A começar pelo imenso volume vertical do meu cabelo, uma coisa mezzo Marge Simpson, mezzo Elvira Rainha das Trevas. O volume é tão vertical, mas tão vertical, que invade o título da revista fictícia "A Criança". E por pouco não vai ao infinito e além, ultrapassando até mesmo os limites da foto em questão. Trata-se de uma "edição especial" como diz o lettering. Contendo "beleza", "simplicidade dos traços", "estilo infantil" e, é claro, "vitória da qualidade". Meu rosto, como vocês podem ver, possui um lado obscuro. O Pink Floyd se inspirou nessa foto para compor "The Dark Side of The Moon".
Eu poderia passar o dia mencionando os detalhes dessa rica montagem, de uma Era Pré-Photoshopiana, mas vou me resumir ao que realmente importa agora: eu era estranha.
E uma pessoa com esse nível de estranheza aprende desde cedo o que é ser alvo de piadas. Se hoje eu consigo rir e fazer os outros rirem com isso, é porque um longo caminho já foi e continua sendo percorrido.
Não existe nada mais fácil do que sacanear quem já é frequentemente sacaneado. É tiro certo, todos vão achar graça. Mas aí não estamos falando de humor. O nome disso é bullying.
Anos se passaram desde que essa foto foi tirada e agora eu me vejo em um cenário muito parecido com o que eu vivi quando era só uma garota estranha. Recentemente, dei uma entrevista em que me perguntaram sobre os limites do humor. Por uma infelicidade, publicaram apenas um trecho da minha resposta, em que eu digo que "não posso mais fazer piadas com anão, negros, homossexuais".

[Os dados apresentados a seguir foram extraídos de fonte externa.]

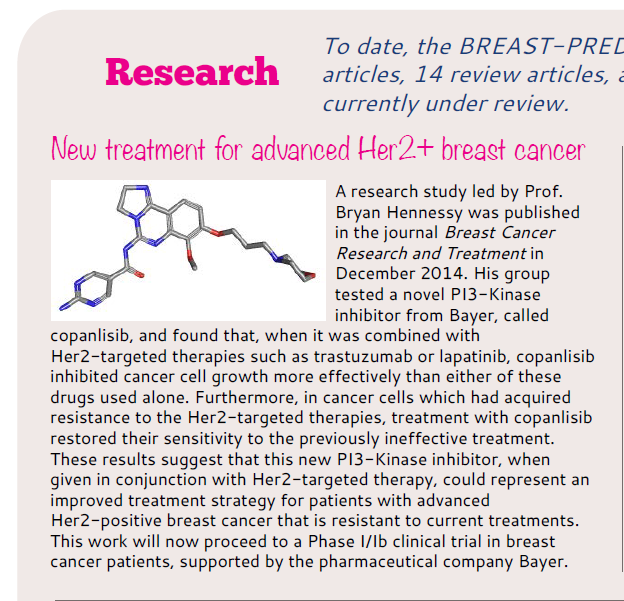 Naomi_Elster's tweet photo. My #PI3Kinhibitor study for HER2+ breast cancer was mentioned in the current @BREAST_PREDICT newsletter! http://t.co/iXKJK6g2MA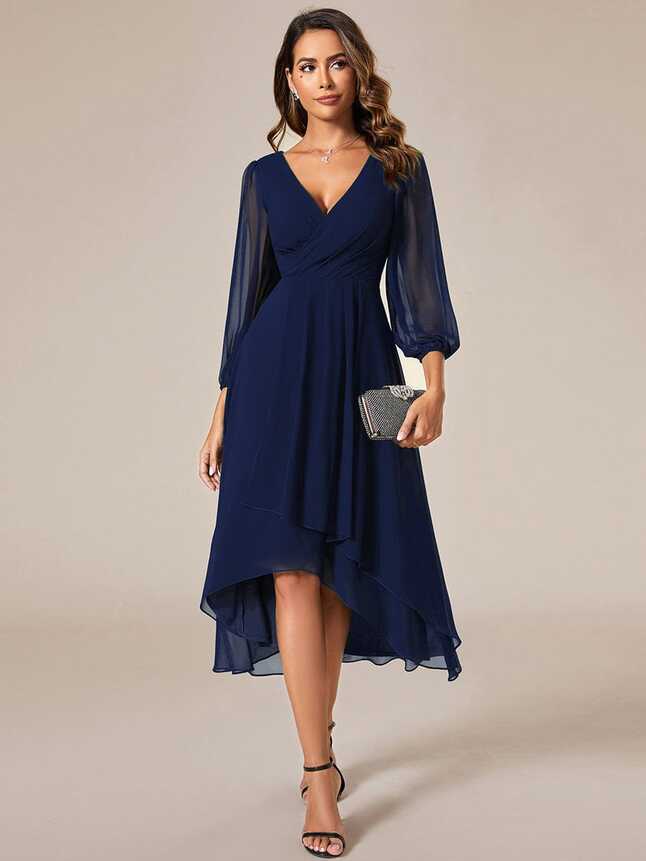 Elegant Long Sleeve V-Neck High Low Chiffon Wedding Guest Dress ...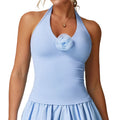 Light blue halter neck yoga vest for women with rose appliqué and ruffled hem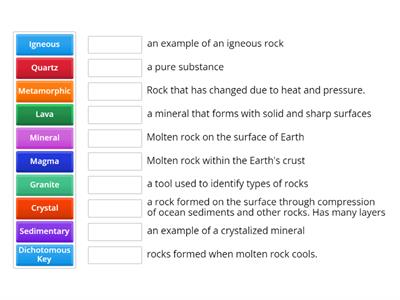 Rocks and Minerals Match Up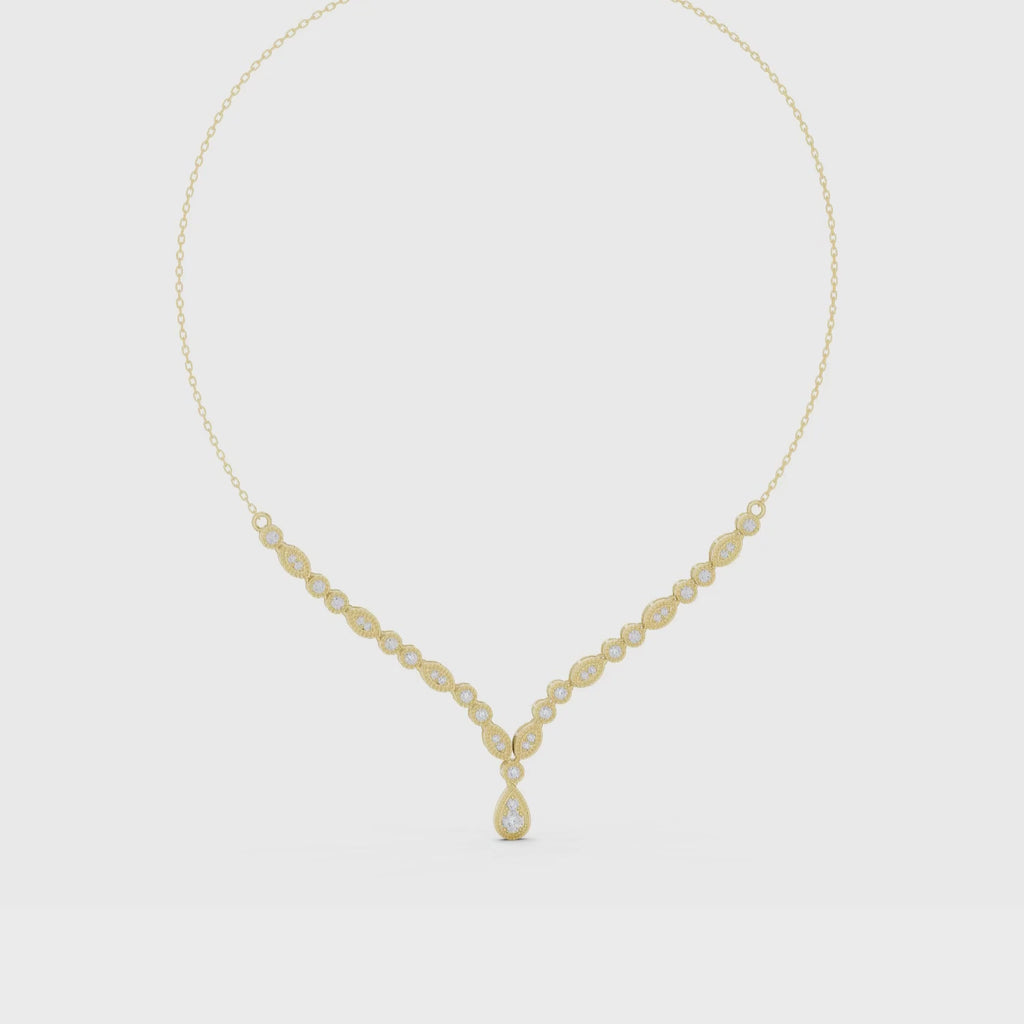 Elegant Lab Grown Diamond Drop Necklace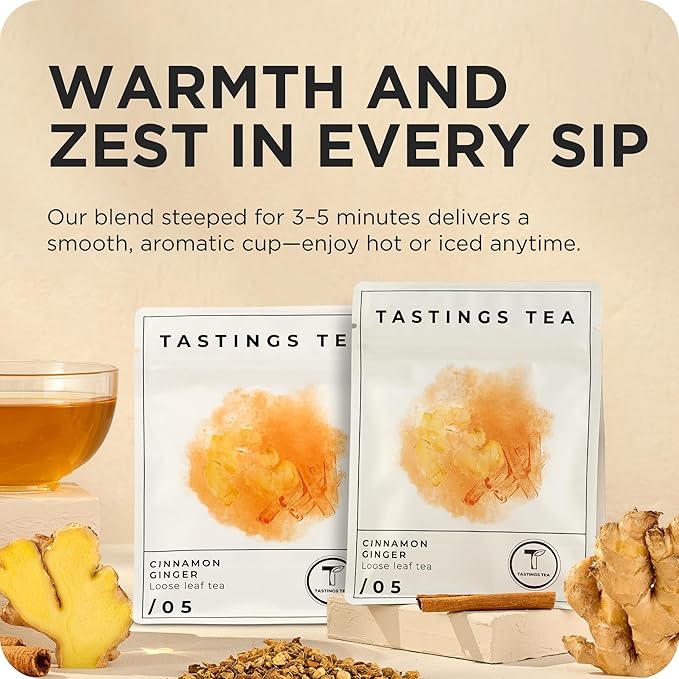 Tastings Tea Cinnamon Ginger Blend - 4.45oz Loose Leaf | Winter Warming | Bold Spice | Perfect Stocking Filler - Bloomnest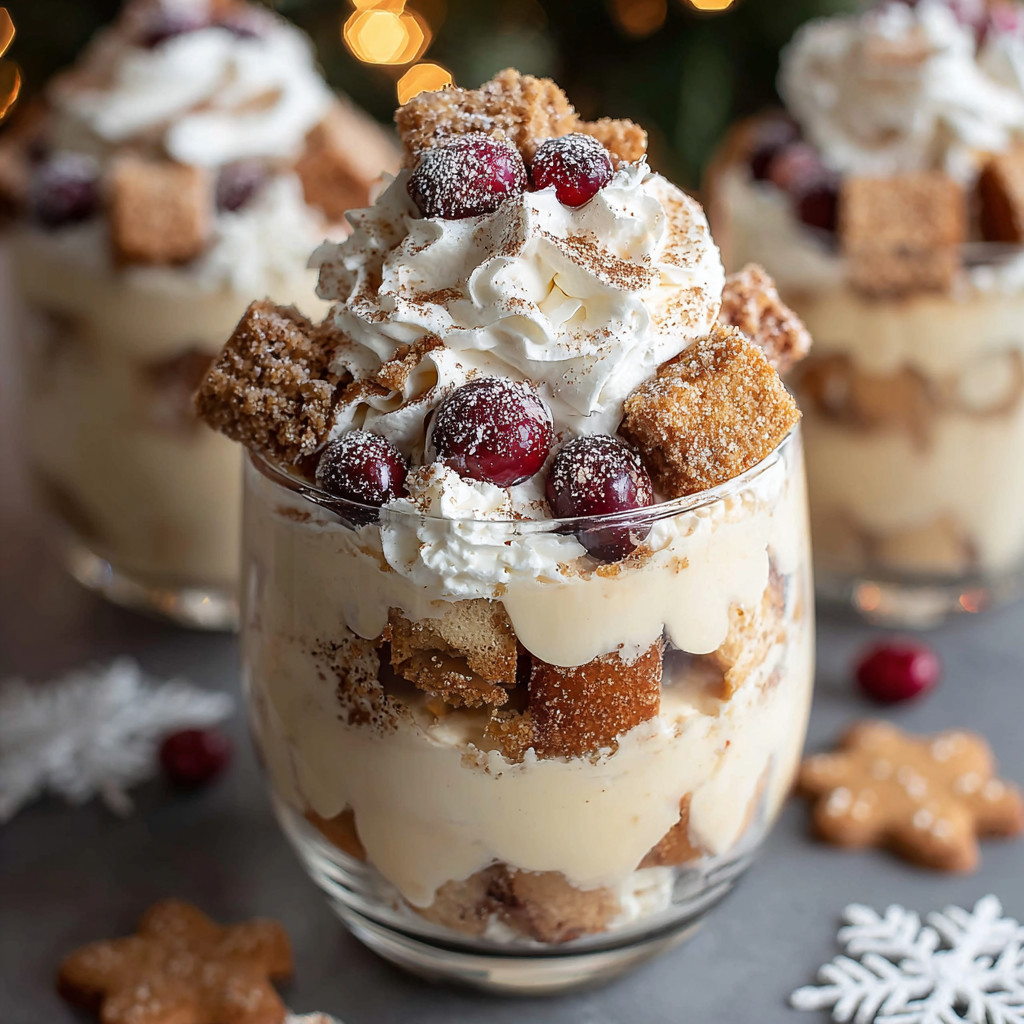 A glass of dessert with a white whipped cream topping.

É importante deixar claro que eu disse sim essa frase pavorosa. Mas em um contexto muito mais amplo. O que eu expliquei - ou, pelo menos, tentei explicar - é que não se pode fazer piadas envolvendo assuntos polêmicos sem correr o risco de ser tachado de preconceituoso. Mas fingir que o preconceito não existe é infinitamente pior.
Não sou a favor de fazer graça de quem já tem que lidar diariamente com a intolerância. Sou a favor de se fazer piada da intolerância em si. Em colocar na mesa os nossos podres para que a gente lembre que eles existem.
O objetivo do humor, na minha opinião, não é simplesmente fazer rir. Se fosse, contar piadas sobre negros numa convenção da KKK ou sobre judeus na Associação Viva Hitler seria um estouro de sucesso.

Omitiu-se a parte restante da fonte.